- **Problem statement**
With pictures left out, output exactly the lines of the listing below from the line that has "Wix 46935 Air Filter" to the line that has "Lucardi Armband", both lines kept.
==== Extracted entries
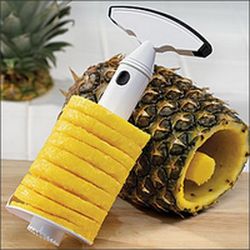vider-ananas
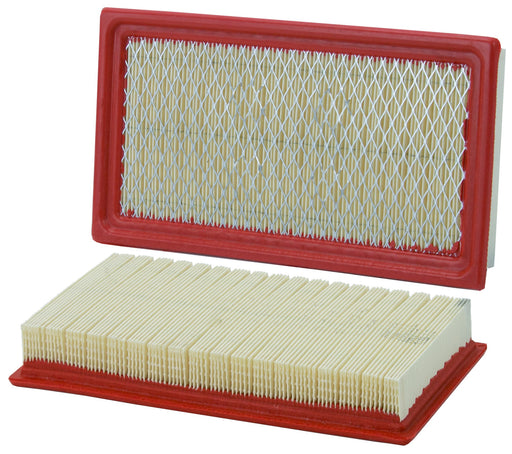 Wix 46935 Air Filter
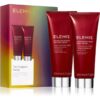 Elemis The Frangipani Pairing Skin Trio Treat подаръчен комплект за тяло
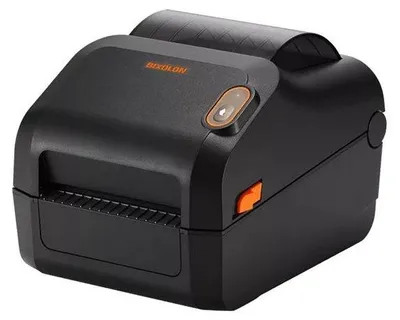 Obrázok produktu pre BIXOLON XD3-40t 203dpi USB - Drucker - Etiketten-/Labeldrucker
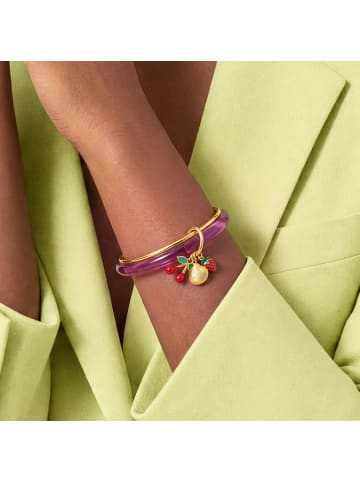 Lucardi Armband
========
==== Extracted entries
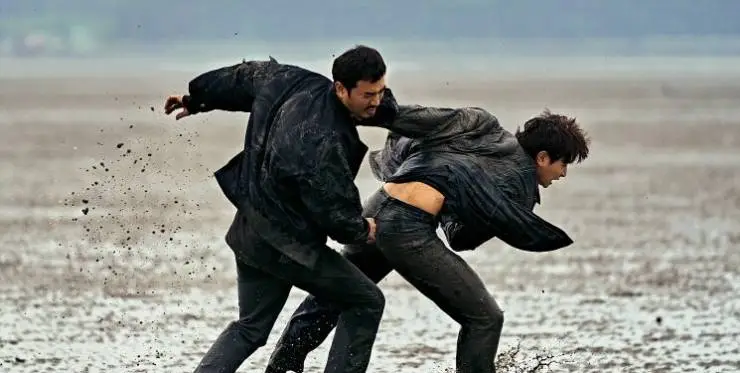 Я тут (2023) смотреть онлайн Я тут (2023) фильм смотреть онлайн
========
==== Extracted entries
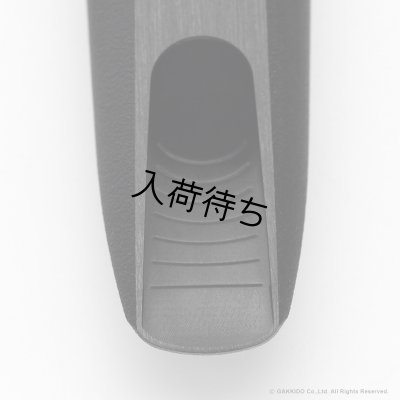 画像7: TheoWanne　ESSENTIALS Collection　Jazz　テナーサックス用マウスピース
========
- **Result for this exercise**
 Wix 46935 Air Filter
 Elemis The Frangipani Pairing Skin Trio Treat подаръчен комплект за тяло
 Obrázok produktu pre BIXOLON XD3-40t 203dpi USB - Drucker - Etiketten-/Labeldrucker
 Lucardi Armband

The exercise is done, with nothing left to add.